At 73, Jim Hovanec knows that he should make wise decisions regarding face coverings and social distancing.  So, on a typical weekend, he will put on a helmet (and full leathers), stay about 6 feet away from his fellow motorcyclists, and enjoy himself at 140 miles per hour.

        “I have raced about a dozen times this year,” Jim told me, “half of them at the new track in Pineville, several times at the New York State Safety Track and we did a three-day event in Michigan. That was great. It was a two and a half mile track, and we raced going in different directions (in separate races, of course) and it felt like a different track.”

        When I asked about that 140 mph, Jim said, “At the track, people ride at their own skill level and my KTM 990 Super Duke tops out around 140, but some of the BMWs and Yamahas often hit 180.” 

        Hovanec (who was featured as Jimmy Ho in my April Fool’s Day story about guys riding on the back of their wives’ bikes) climbed aboard his first road bike in 1966, and he has spent more time in the saddle than just about anyone I know. He owned and operated his own shop, Progressive Powersport, for many years and he sold the sleek, sassy and highly technologically-advanced Ducati brand. Selling those bikes gave Jim a lot of satisfaction, but it also reinforced something he’d already known: There is, too often, a dangerous gap between a bike’s capabilities and the skill level of its rider. 
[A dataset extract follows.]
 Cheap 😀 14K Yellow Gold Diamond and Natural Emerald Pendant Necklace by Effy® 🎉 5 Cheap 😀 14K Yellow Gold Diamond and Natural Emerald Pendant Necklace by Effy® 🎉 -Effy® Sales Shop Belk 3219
I could hear a degree of frustration in his voice when he recalled, “I talked a lot of my customers into going over to Watkins Glen to attend the riding school and sharpen their skills on the track. With no instruction, too many guys were crashing and then selling their bikes.”
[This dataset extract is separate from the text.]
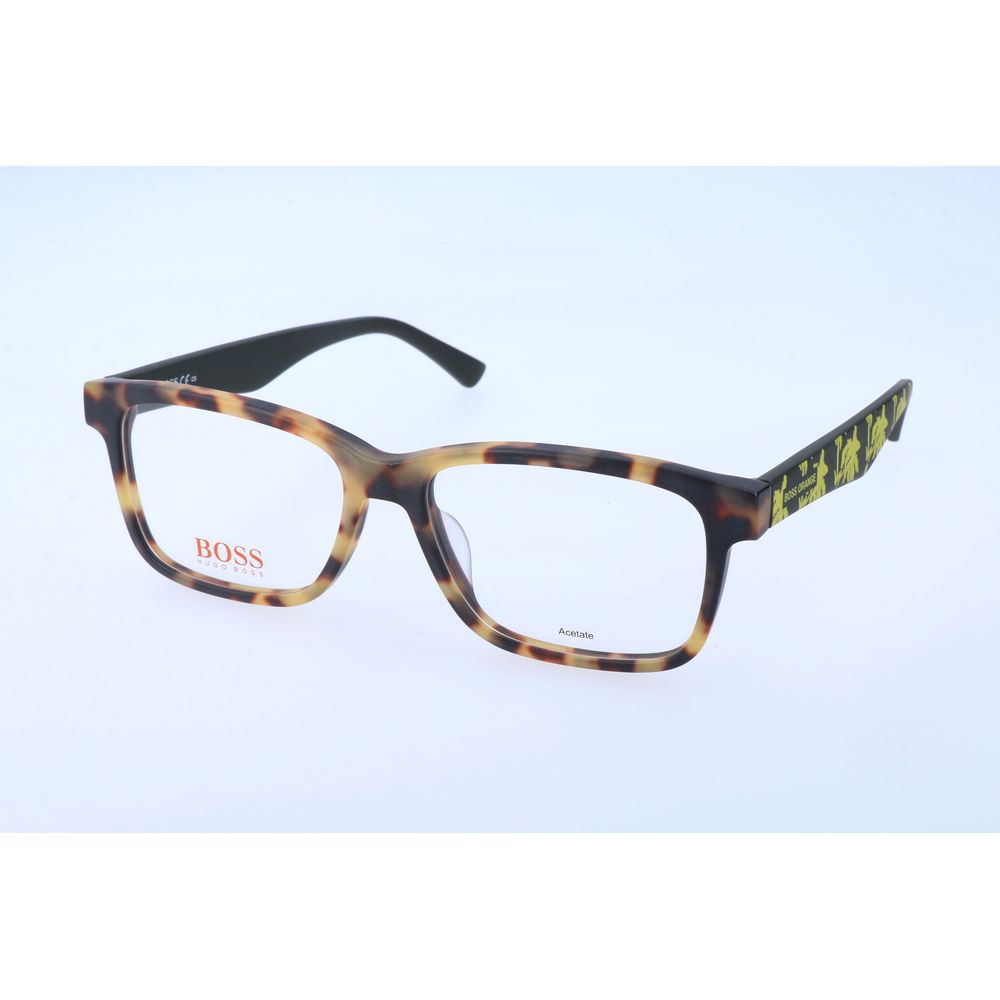 Hugo Boss Brown Acetate Glasses – Square Frame, 54mm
        Jim and I had a conversation about road riding, and as two guys with 102 years of combined experience, we’ve seen a lot. “I have only had one serious incident,” Jim said.  “I was coming back from Alaska in 2007, and some lady in a mini-van took off my front wheel of my Harley.”  “The ambulance guy told me if I didn’t have the top-shelf safety gear I had on, I’d probably be dead.” 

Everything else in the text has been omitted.